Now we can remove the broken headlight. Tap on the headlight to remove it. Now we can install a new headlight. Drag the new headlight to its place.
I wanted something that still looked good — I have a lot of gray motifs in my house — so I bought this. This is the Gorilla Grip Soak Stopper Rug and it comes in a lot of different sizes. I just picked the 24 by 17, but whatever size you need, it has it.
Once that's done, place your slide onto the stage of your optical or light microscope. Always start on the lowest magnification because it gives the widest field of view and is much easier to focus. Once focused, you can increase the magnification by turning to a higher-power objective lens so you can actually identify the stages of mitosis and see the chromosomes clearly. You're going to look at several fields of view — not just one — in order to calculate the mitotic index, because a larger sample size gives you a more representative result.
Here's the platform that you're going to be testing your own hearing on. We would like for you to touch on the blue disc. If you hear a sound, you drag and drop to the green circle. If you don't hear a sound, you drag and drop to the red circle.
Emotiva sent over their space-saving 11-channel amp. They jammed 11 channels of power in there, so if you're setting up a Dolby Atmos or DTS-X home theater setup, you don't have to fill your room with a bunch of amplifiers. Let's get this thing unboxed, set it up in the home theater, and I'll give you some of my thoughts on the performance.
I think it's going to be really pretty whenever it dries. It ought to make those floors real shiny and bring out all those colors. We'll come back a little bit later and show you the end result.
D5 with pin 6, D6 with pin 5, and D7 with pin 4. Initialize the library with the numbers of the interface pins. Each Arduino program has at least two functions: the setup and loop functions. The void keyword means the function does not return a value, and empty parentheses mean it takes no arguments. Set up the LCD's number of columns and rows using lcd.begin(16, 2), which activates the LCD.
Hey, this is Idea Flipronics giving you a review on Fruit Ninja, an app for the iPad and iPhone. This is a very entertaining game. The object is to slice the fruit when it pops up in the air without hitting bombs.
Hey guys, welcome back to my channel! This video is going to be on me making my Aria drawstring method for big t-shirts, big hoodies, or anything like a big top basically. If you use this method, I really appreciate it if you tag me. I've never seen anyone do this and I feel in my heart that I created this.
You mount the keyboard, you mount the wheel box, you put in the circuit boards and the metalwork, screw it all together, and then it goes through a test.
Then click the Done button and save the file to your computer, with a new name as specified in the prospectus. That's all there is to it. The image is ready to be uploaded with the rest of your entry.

--------------------------------------------------

_PROBLEM REQUIREMENTS_:
Taking the entries above, write out exactly the lines starting with the line containing "I think it's" and going on through the line containing "You mount the keyboard, you", both included, and nothing else.

_RESPONSE TO THE TASK_:
I think it's going to be really pretty whenever it dries. It ought to make those floors real shiny and bring out all those colors. We'll come back a little bit later and show you the end result.
D5 with pin 6, D6 with pin 5, and D7 with pin 4. Initialize the library with the numbers of the interface pins. Each Arduino program has at least two functions: the setup and loop functions. The void keyword means the function does not return a value, and empty parentheses mean it takes no arguments. Set up the LCD's number of columns and rows using lcd.begin(16, 2), which activates the LCD.
Hey, this is Idea Flipronics giving you a review on Fruit Ninja, an app for the iPad and iPhone. This is a very entertaining game. The object is to slice the fruit when it pops up in the air without hitting bombs.
Hey guys, welcome back to my channel! This video is going to be on me making my Aria drawstring method for big t-shirts, big hoodies, or anything like a big top basically. If you use this method, I really appreciate it if you tag me. I've never seen anyone do this and I feel in my heart that I created this.
You mount the keyboard, you mount the wheel box, you put in the circuit boards and the metalwork, screw it all together, and then it goes through a test.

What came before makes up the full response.